Change column names with Plugin

gblack686
Level 4
Change column names with Plugin

I have my final dataset and but I want to change the column names based on a naming convention at the end of the code.  Right now I'm using 

output_dataset.write_schema(columns, dropAndCreate=True)

There are no errors in the code, but when I go to explore the data, 'the relation does not exist'. 

After Settings > 'Test Connection' and 'Create Table Now'  works fine... the table has 0 records with the correct column names.

Is there a better function to do this?

0 Kudos
8 Replies
Alex_Combessie
Dataiker Alumni

Hi,

Are you using the write_dataframe method after write_schema? https://doc.dataiku.com/dss/latest/python-api/datasets.html#dataiku.Dataset.write_dataframe

Hope it helps,

Alex

0 Kudos
gblack686
Level 4
Author

The query has the potential of returning hundreds of millions of rows.  Knowing this ,I was avoiding loading into Dataframes. (requires loading data through DSS memory right?)  

0 Kudos
Alex_Combessie
Dataiker Alumni

Hi,

If you do not want to go through pandas.DataFrame() then you can use another part of the Dataiku API:

- SQLExecutor2: https://doc.dataiku.com/dss/latest/python-api/sql.html#dataiku.core.sql.SQLExecutor2.exec_recipe_fra...

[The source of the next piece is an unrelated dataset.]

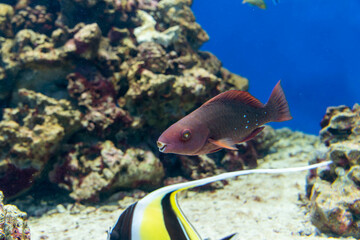 Fototapete bei efototapeten.de bestellen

- HiveExecutor: https://doc.dataiku.com/dss/latest/python-api/sql.html#dataiku.core.sql.HiveExecutor.exec_recipe_fra...

- ImpalaExecutor: https://doc.dataiku.com/dss/latest/python-api/sql.html#dataiku.core.sql.ImpalaExecutor.exec_recipe_f...

This is assuming your input and output datasets are in SQL or HDFS connections. Otherwise, you will be required to go through the "regular" dataiku API using pandas.DataFrame. Note that you can do chunked reading and writing: https://doc.dataiku.com/dss/latest/python-api/datasets.html#chunked-reading-and-writing-with-pandas

Hope it helps,

Alex

0 Kudos
omri17
Level 2

Hi Alex,
from your referenced docs, i saw a diffrence between SQLExecutor2 and HiveExecutor (using dss 7.0. didnt find HiveExecutor2 if exists...).

How can I define an output dataset for the HiveExecutor.exec_recipe_fragment() ? seems it missing the 
'output_dataset' argument.


from the docs:

HiveExecutor.exec_recipe_fragment(querypre_queries=[]post_queries=[]overwrite_output_schema=Truedrop_partitioned_on_schema_mismatch=Falsemetastore_handling=Noneextra_conf={}add_dku_udf=False)

 

SQLExecutor2 .exec_recipe_fragment(output_datasetquerypre_queries=[]post_queries=[]overwrite_output_schema=Truedrop_partitioned_on_schema_mismatch=False

 

thanks,

Omri

0 Kudos
Alex_Combessie
Dataiker Alumni

Hi,

Apologies for the typo, there is no HiveExecutor2, just HiveExecutor. I have amended my previous post to avoid any confusion.

For the HiveExecutor.exec_recipe_fragment method, no need to specify the output dataset as argument. It will automatically guess it from the configuration of the recipe. You can write a SELECT ... statement in the query parameter, and it will behave like a Hive recipe.

Hope it helps,

Alex

omri17
Level 2

Hi Alex,

Thanks a lot- it work partially.

My original problem (prior your first answer) was when I tried python recipe to write 2 (or more) output datasets. one (or more) of them using HiveExecutor.exec_recipe_fragment. 

when I tried it i got an error:

"Oops: an unexpected error occurred
Error in Python process: At line 27: <class 'Exception'>: Query failed: b'Query has multiple targets but no insert statement'
Please see our options for getting help"

When I changed me python recipe to be with only 1 output dataset- it really worked (thanks!)

So I guess my new quotation is how can I write 2 (or more) output datasets. One (or more) of them using HiveExecutor.exec_recipe_fragment?

I tried to pass the 'dataset' argument when I build the executor, without any luck. Something like: 

executor = HiveExecutor(dataset='dataset_name')

executor.exec_recipe_fragment(query)

but i still got the same error.

Can I do it (write 2 output datasets)?

Thanks,

Omri

0 Kudos
Alex_Combessie
Dataiker Alumni

Hi,

As of today, HiveExecutor.exec_recipe_fragment supports only one output dataset. I have logged the request to handle multiple output datasets in our development backlog.

In the meantime, I would advise several alternatives:

- Use HiveExecutor.query_to_df and then dataiku.Dataset.write_with_schema

- Use ImpalaExecutor (assuming you have Impala)

- Use PySpark: https://doc.dataiku.com/dss/latest/code_recipes/pyspark.html

Hope it helps,

Alex

0 Kudos
omri17
Level 2

Thanks,
We will check it out

 

Omri

0 Kudos